Sunday, February 19, 2012


The Grey

Liam Neeson
Frank Grillo
Dermot Mulroney
Dallas Roberts
Joe Anderson
Nonso Anozie
James Badge Dale

Screenplay by
Ian MacKenzie Jeffers

Directed by
Joe Carnahan


117 minutes

John Ottway (Neeson) works for an oil refinery in Alaska, as a guard, killing off wolves that get to close to the oil drillers as they work. He is an assumed recent widower, his wife having died from cancer. He writes a suicide note and goes out into the wilderness to kill himself when he gets a flashback of his wife comforting him. He stops and returns to base. The employees are to be ferried home by plane the next day.

All the men are anxious to get back home and we are loosely introduced to a group of workers. One of whom after being annoyed by Ottway’s reluctance to conversation begins to annoy the entire plane with his nervous talk of them all dying in a crash. It doesn’t help that they are flying in the midst of a blizzard.  Sure enough the plane does indeed crash with a horrific realism I haven’t seen since the plane crash/nightmare scene in Fight Club. Another vision of Ottway’s wife brings us back to reality.

He and a few members of the work crew managed to survive, including the yutz who “predicted” the crash. Ottway’s survival skills kick in and he gets the men to work together to try and figure a way out. They are hundreds, possibly thousands of miles from civilization in frigid conditions. To make matters worse, a pack of grey wolves have moved in to pluck them off. At first Ottway thinks they’re just doing what is natural to them, but then surmised they may have crashed too close to their den. And wolves don’t play if you’re too close to their turf. A mass of pine trees are off in the distance and Ottway thinks if the group can make it to the forest; they may be out of the danger zone.

The Grey worked for me on a few levels. One is the amount of realism with which the situation is handled. Not that I have EVER been in a plane crash, freezing tundra, or wilderness, but it didn’t feel like Neeson’s character was a superhero and new exactly what to do. He had foibles that any one of us could have if we were in his shoes. Also there was not one throw away character. You ended up having emotions for all of them.
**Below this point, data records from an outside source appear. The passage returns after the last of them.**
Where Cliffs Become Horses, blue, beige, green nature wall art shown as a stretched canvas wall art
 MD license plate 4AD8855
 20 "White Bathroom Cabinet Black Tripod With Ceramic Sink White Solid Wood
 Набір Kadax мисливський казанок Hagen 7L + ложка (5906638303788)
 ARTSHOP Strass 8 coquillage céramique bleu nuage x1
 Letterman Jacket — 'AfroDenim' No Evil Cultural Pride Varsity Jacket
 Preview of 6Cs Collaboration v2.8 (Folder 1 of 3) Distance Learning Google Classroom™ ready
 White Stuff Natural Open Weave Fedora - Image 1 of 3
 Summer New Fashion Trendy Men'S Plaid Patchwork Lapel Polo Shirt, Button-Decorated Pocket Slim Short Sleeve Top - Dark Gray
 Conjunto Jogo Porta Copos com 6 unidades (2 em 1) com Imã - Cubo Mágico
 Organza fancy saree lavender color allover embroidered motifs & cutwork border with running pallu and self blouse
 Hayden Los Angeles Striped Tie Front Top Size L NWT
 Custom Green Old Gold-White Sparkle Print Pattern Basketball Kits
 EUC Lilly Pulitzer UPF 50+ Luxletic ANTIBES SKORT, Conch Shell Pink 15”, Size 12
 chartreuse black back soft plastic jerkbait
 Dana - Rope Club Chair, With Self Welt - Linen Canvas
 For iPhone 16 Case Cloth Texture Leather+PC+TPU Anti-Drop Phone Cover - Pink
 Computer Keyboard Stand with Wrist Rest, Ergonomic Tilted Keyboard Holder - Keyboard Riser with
Having said that, The Grey pulls one Hollywood trick I despise. Making you feel for a character that is absolutely loathsome. On the outset your first emotions are at base level. You hope the wolves not only kill him, but you get to see him torn apart. But as the story progresses Ottway who has read this fool from A to Z breaks him down making him more palatable to you the audience.

I like Joe Carnahan as a writer and director. He’s had a few misses in my opinion, but this is his most solid work since Narc.